◆ **Instructions for the task**: Give the data again exactly, without images.

◆ **Information supplied**:
>>
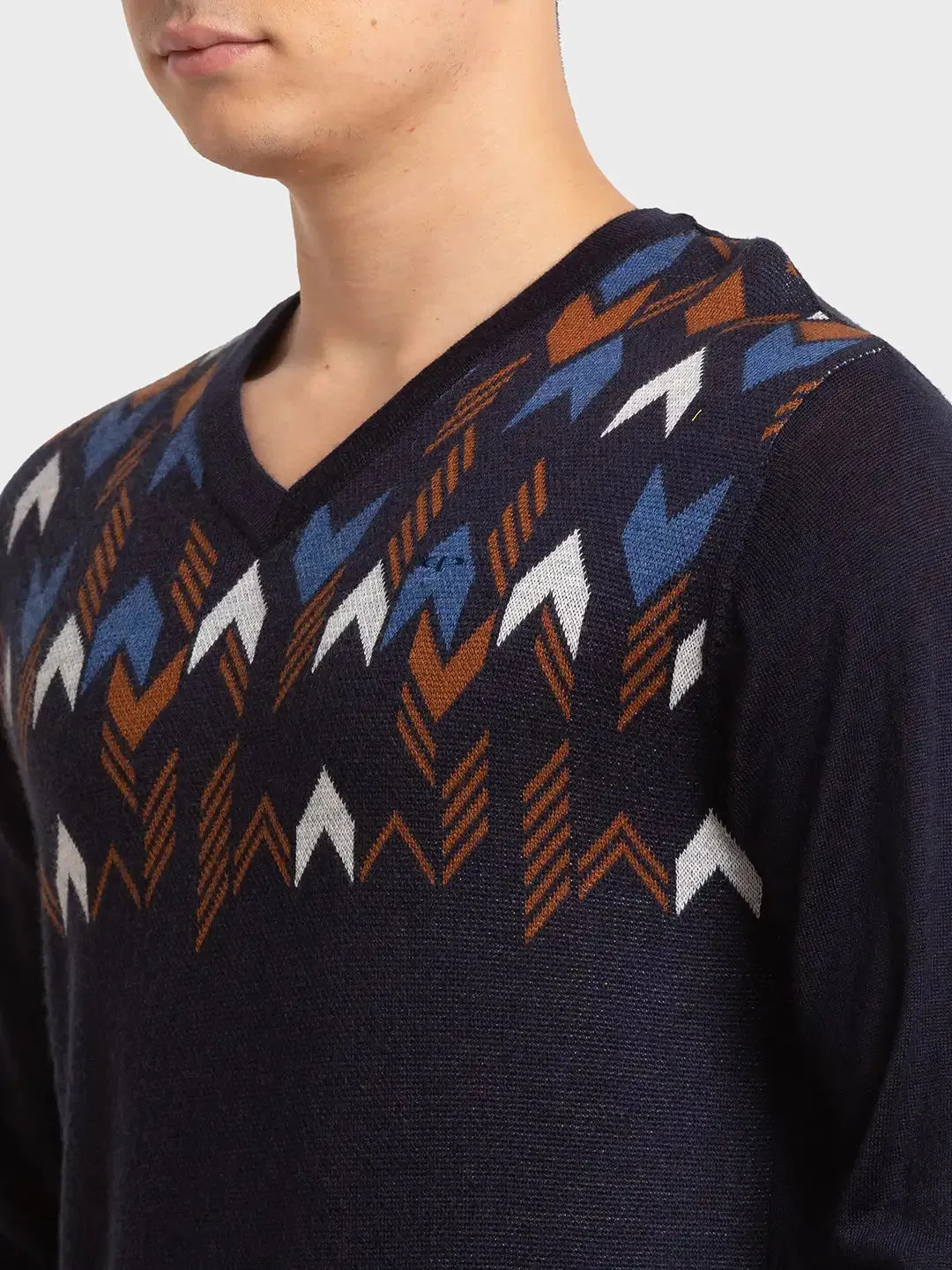 Men Navy Tailored Fit Jacquard Acrylic Merino Blend Full Sleeve V Neck Collar Sweaters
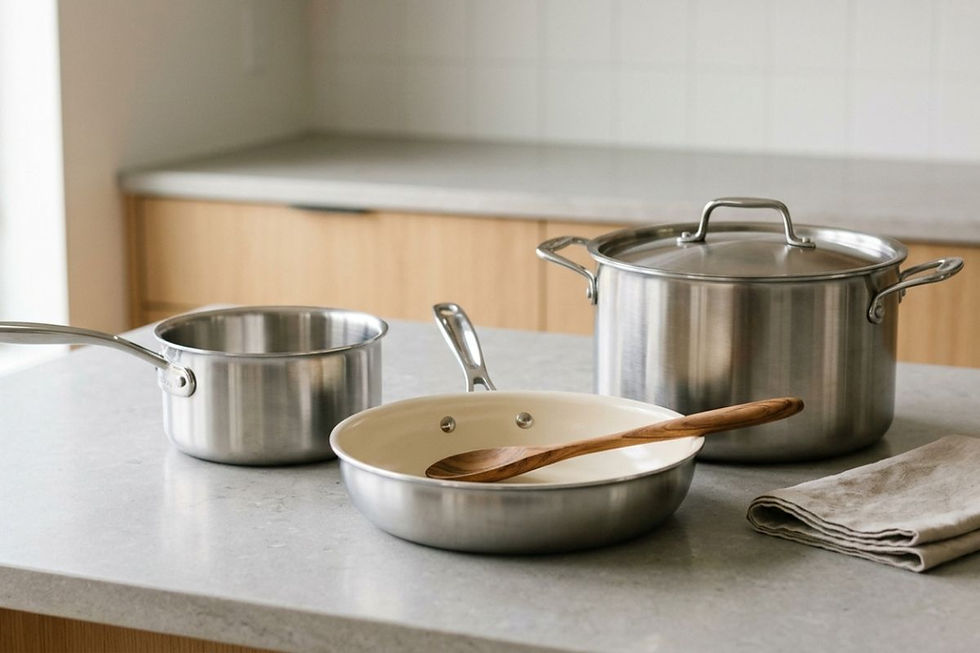 Minimal cookware set with stainless steel pots and a ceramic skillet on a light kitchen countertop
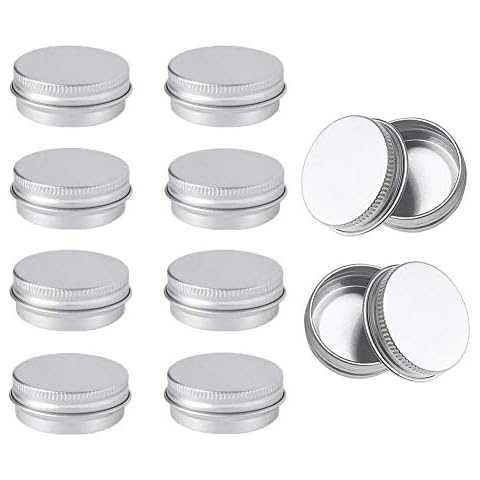 Pack of 10 Aluminum Tin Jars, 15ml Round Cosmetic Sample Metal Tins Storage Jar Containers with Screw Cap for Lip Balm, Cosmetic, Candles, DIY Crafts Cover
<<
◆ **Solution**:
 Men Navy Tailored Fit Jacquard Acrylic Merino Blend Full Sleeve V Neck Collar Sweaters
 Minimal cookware set with stainless steel pots and a ceramic skillet on a light kitchen countertop
 Pack of 10 Aluminum Tin Jars, 15ml Round Cosmetic Sample Metal Tins Storage Jar Containers with Screw Cap for Lip Balm, Cosmetic, Candles, DIY Crafts Cover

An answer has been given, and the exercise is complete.